Certainly, NVIDIA has been deeply situated in the field.

“We did early work with AstraZeneca in 2020, when AlphaFold also just came out and GPT-3 just came out,” Powell explained. “We worked on building a generative model for chemistry. We really pioneered it back then and now we're enhancing it with being able to work with DNA and RNA and all the protein sequences. If pharma companies have decades worth of their own proprietary data, we're giving them the capability to train up their own models that are unique and very high value to them, as well as all the academic community.”

“We're turning all of these models into cloud APIs, so they're very simple to call,” she continued. “Just literally through a website, you can enter an amino acid sequence, press generate, and back comes a structure. To me, what's going to be so transformational is, essentially, a lot of biologists [becoming] a computer scientist and even a lot of computer scientists [becoming] a biologist because we made it so accessible and so easy to build these models and to deploy these models.”

Towards the holy grail of precision medicine

The lab, however, will always be in the loop, including in the new collaboration with Genentech.

“This is becoming the trend now. It makes a lot of sense to have a dry lab and wet lab right next to each other,” said Powell. “The dry lab can think outside the box. It can generate new ideas. It can search what is a nearly infinite space, but do it with intelligence and do it much more effectively.
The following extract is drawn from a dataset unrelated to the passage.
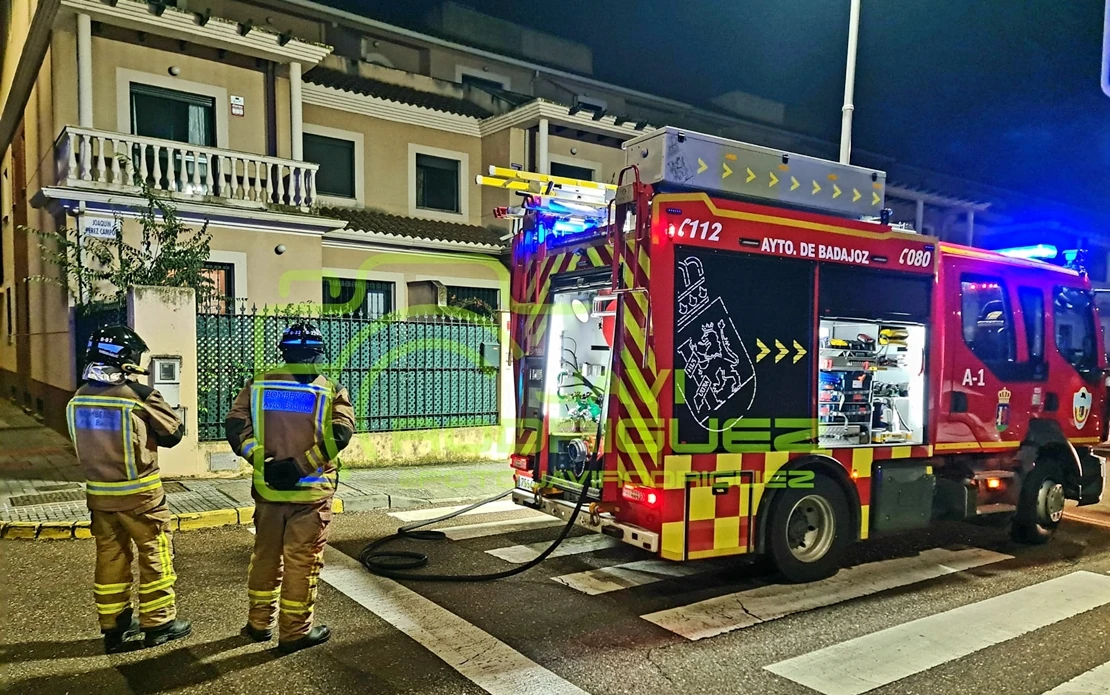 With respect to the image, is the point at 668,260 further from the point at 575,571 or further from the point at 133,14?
the point at 133,14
Then, put it in the lab, observe it, take all that data, and put it back into your model.”

These are the things that NVIDIA is working with industry on, enabling across academia, start-ups, and large pharma. And the excitement for future is palpable.
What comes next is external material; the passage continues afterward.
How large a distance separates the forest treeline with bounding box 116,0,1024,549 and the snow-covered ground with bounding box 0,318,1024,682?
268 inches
“If you can reduce the time it takes to discover a drug to days or hours, and it also costs maybe dollars, that's when we're truly going to be able to present therapies that are tailored to you or to me individually: that's the holy grail,” said Powell. “You can see it coming into the sights now a bit because we're able to improve so much on the processes. I think that's a dream, but I think you're starting to see it come into view a bit with these methodologies and, being able to use, almost creating digital twin of me, just like the internet.”